HOME: JANUARY 20, 2006: FOOD: MATZOH BALL GUMBO: CULINARY TALES OF THE JEWISH SOUTH
by Marcie Cohen Ferris
University of North Carolina Press, 327 pp., $29.95Southern identity centers on the traditions of cooking and, coincidentally, so does Jewish culture. So how were Southern Jews to exist without isolating themselves in a world where pork barbecue and crawfish étoufée were such strong regional traditions? Matzoh Ball Gumbo explores the fusion of the two cultures, and Marcie Cohen Ferris traces the story of the Jewish immigrants in the South from larger urban centers like Savannah and Atlanta to more rural areas like the Mississippi Delta. The book is more American-Jewish history than cookbook, but it tells a fascinating story of immigration, acculturation, and assimilation: a pattern found in every ethnic and cultural group that make up this country.
Traditional Jewish dietary laws forbid many of the staples of Southern cuisine, but in the 19th-century world of slave culture and Jim Crow, Jews in the South struggled with the stigma of being outsiders. The solution was to blend the two cuisines and eventually bend the rules with concepts like "kosher-style." This allowed budding Jewish congregations in Southern towns to throw shrimp-boil fundraisers and join friends at Corky's BBQ. Ferris also explores the role of African-Americans in the Jewish cooking traditions, because they often worked as cooks in synagogues and homes. Their relationship with Jewish families and communities influenced cooking methods and ingredients. Understandably, many of those African-American domestic workers took recipes for chopped liver and stewed meats home with them at the end of the day. (Two African-American cooks at a Jewish summer camp in Utica, Miss., make the best noodle kugel I've ever tasted. It was a pleasant surprise to find the camp described in the book.)

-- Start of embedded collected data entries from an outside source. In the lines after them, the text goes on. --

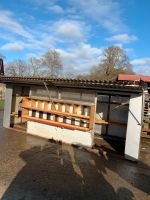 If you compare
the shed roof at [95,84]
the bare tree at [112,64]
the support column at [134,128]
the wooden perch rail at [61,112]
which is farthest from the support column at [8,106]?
the bare tree at [112,64]

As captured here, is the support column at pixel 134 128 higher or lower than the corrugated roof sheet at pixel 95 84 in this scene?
lower

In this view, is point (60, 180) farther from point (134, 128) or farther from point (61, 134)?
point (61, 134)

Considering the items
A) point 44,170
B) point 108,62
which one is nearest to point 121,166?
point 44,170

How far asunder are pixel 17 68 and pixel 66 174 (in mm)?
32955

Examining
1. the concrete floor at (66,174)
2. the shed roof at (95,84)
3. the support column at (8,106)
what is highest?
the shed roof at (95,84)

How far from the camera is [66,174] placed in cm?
479

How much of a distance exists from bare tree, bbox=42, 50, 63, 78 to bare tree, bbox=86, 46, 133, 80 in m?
5.41

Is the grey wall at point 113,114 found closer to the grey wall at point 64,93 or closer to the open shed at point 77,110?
the open shed at point 77,110

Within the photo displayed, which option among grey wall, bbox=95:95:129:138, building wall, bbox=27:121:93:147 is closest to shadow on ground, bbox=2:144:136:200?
building wall, bbox=27:121:93:147

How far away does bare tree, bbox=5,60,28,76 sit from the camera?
34.6m

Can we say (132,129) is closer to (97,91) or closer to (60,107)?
(97,91)

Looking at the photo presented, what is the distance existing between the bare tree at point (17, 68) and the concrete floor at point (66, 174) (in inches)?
1158

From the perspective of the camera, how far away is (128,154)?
20.9ft

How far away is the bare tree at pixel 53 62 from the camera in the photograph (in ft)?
102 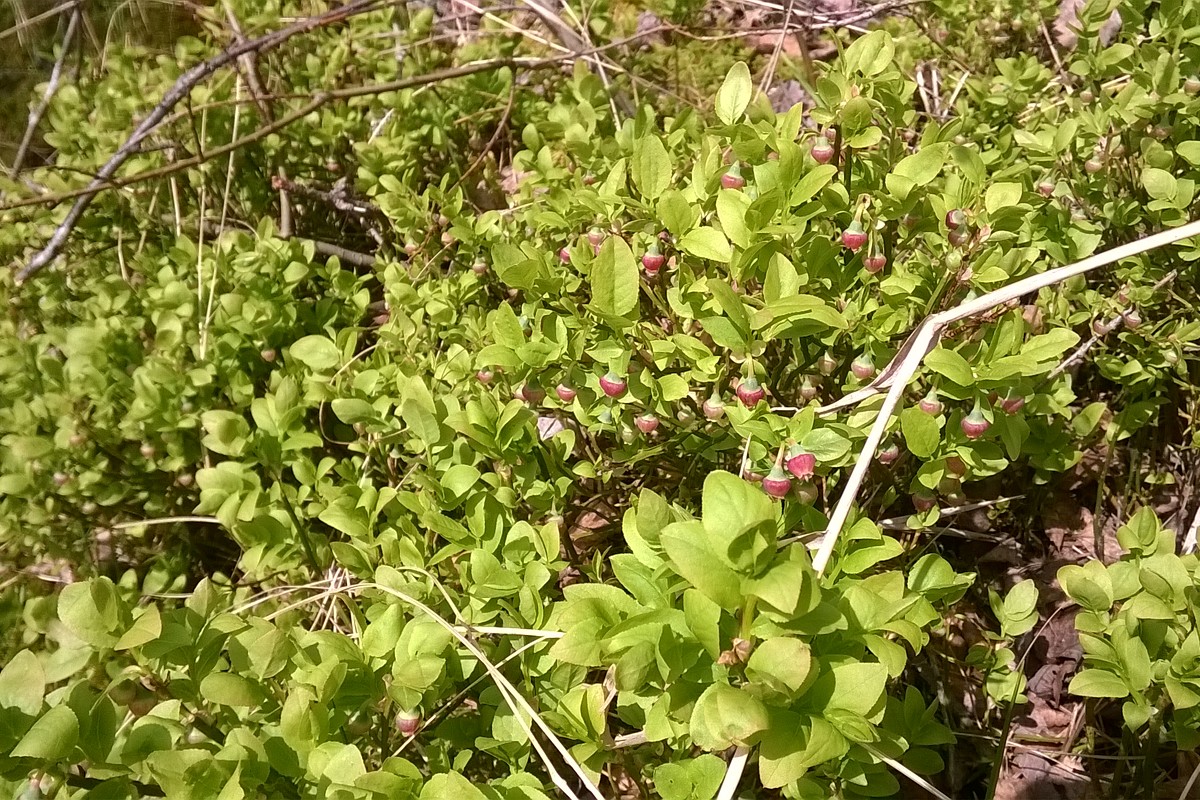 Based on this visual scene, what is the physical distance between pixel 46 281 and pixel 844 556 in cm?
231

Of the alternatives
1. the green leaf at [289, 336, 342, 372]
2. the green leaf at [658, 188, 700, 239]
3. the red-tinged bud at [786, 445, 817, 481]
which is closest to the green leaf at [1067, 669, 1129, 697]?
the red-tinged bud at [786, 445, 817, 481]

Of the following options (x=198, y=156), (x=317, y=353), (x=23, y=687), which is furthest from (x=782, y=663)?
(x=198, y=156)

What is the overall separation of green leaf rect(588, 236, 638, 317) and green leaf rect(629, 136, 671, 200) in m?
0.18

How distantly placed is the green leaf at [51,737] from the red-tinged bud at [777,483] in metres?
0.72

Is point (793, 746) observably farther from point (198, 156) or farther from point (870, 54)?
point (198, 156)

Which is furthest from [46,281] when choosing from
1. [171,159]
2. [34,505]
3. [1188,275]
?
[1188,275]

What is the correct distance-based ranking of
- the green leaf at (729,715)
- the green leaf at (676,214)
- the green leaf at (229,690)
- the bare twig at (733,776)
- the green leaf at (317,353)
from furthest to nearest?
the green leaf at (317,353) < the green leaf at (676,214) < the green leaf at (229,690) < the bare twig at (733,776) < the green leaf at (729,715)

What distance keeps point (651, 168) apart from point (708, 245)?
0.18m

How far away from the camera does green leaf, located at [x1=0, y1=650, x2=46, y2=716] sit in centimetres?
77

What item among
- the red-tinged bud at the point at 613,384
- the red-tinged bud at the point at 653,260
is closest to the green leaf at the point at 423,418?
the red-tinged bud at the point at 613,384

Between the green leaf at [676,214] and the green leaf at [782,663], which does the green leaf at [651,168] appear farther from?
the green leaf at [782,663]

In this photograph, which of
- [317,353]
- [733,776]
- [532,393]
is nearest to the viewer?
[733,776]

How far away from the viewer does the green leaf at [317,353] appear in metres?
1.50

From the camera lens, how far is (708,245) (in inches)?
40.6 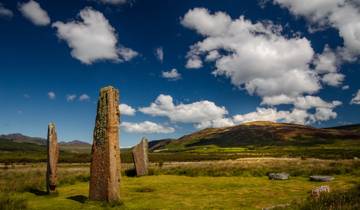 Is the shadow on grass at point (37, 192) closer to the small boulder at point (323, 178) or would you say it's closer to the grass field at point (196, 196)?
the grass field at point (196, 196)

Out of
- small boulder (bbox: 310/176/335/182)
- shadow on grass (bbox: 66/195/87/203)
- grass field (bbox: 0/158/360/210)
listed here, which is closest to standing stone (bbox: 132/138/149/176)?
grass field (bbox: 0/158/360/210)

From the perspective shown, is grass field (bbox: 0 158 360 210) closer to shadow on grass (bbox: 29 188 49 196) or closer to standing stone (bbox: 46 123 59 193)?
shadow on grass (bbox: 29 188 49 196)

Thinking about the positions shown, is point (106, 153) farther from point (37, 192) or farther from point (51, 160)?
point (37, 192)

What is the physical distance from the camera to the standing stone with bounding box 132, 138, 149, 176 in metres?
29.7

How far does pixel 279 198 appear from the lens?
1683cm

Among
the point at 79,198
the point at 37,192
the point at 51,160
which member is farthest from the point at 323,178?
the point at 37,192

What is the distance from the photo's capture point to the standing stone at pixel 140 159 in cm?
2972

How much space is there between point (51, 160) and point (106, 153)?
5.33 meters

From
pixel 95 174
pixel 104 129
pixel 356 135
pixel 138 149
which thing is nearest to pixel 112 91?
pixel 104 129

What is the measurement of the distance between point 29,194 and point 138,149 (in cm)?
1145

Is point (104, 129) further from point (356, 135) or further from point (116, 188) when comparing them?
point (356, 135)

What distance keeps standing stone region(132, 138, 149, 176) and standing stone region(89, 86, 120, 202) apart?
12.3 m

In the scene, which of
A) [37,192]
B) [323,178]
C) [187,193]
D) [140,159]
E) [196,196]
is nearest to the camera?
[196,196]

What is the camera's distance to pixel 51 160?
67.2 ft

Southern Judaism evolved through its cooking traditions, creating a new culture. Those who grew up as Jews in the South, whether in large or small populations, have a strong identity not just as Jews or Southerners, but as Southern Jews. Recipes such as Mimah's Cheescake, Mississippi Macaroons, and Creole Matzoh Balls, combined with photos and Ferris' accounts of individuals' family memories, define an experience that many have never been able to put into words. Matzoh Ball Gumbo is a book to savor and to share.